→ Exercise data:
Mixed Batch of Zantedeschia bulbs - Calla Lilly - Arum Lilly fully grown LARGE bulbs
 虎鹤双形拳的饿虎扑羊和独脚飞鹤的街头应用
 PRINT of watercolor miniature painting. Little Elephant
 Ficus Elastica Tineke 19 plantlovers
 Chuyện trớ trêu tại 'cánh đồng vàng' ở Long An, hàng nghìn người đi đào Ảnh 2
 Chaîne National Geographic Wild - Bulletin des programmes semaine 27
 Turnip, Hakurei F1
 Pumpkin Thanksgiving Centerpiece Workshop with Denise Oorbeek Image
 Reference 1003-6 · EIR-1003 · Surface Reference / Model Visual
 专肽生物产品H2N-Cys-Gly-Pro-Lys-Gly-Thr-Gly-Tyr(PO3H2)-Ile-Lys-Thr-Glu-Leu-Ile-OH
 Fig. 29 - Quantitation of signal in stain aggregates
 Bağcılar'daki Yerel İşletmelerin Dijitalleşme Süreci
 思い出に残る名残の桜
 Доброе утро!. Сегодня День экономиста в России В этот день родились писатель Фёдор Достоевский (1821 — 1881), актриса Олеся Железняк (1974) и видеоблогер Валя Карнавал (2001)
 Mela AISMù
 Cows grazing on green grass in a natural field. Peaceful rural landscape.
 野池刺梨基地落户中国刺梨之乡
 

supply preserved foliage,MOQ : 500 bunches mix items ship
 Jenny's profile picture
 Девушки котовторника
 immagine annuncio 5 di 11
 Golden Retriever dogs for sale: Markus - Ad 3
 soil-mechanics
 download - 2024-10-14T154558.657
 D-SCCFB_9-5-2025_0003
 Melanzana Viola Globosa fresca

→ Problem requirements: Each line from the one containing "Доброе утро!. Сегодня" through the end of the material should be restated word for word; leave out every line before it.

→ Completed exercise:
 Доброе утро!. Сегодня День экономиста в России В этот день родились писатель Фёдор Достоевский (1821 — 1881), актриса Олеся Железняк (1974) и видеоблогер Валя Карнавал (2001)
 Mela AISMù
 Cows grazing on green grass in a natural field. Peaceful rural landscape.
 野池刺梨基地落户中国刺梨之乡
 

supply preserved foliage,MOQ : 500 bunches mix items ship
 Jenny's profile picture
 Девушки котовторника
 immagine annuncio 5 di 11
 Golden Retriever dogs for sale: Markus - Ad 3
 soil-mechanics
 download - 2024-10-14T154558.657
 D-SCCFB_9-5-2025_0003
 Melanzana Viola Globosa fresca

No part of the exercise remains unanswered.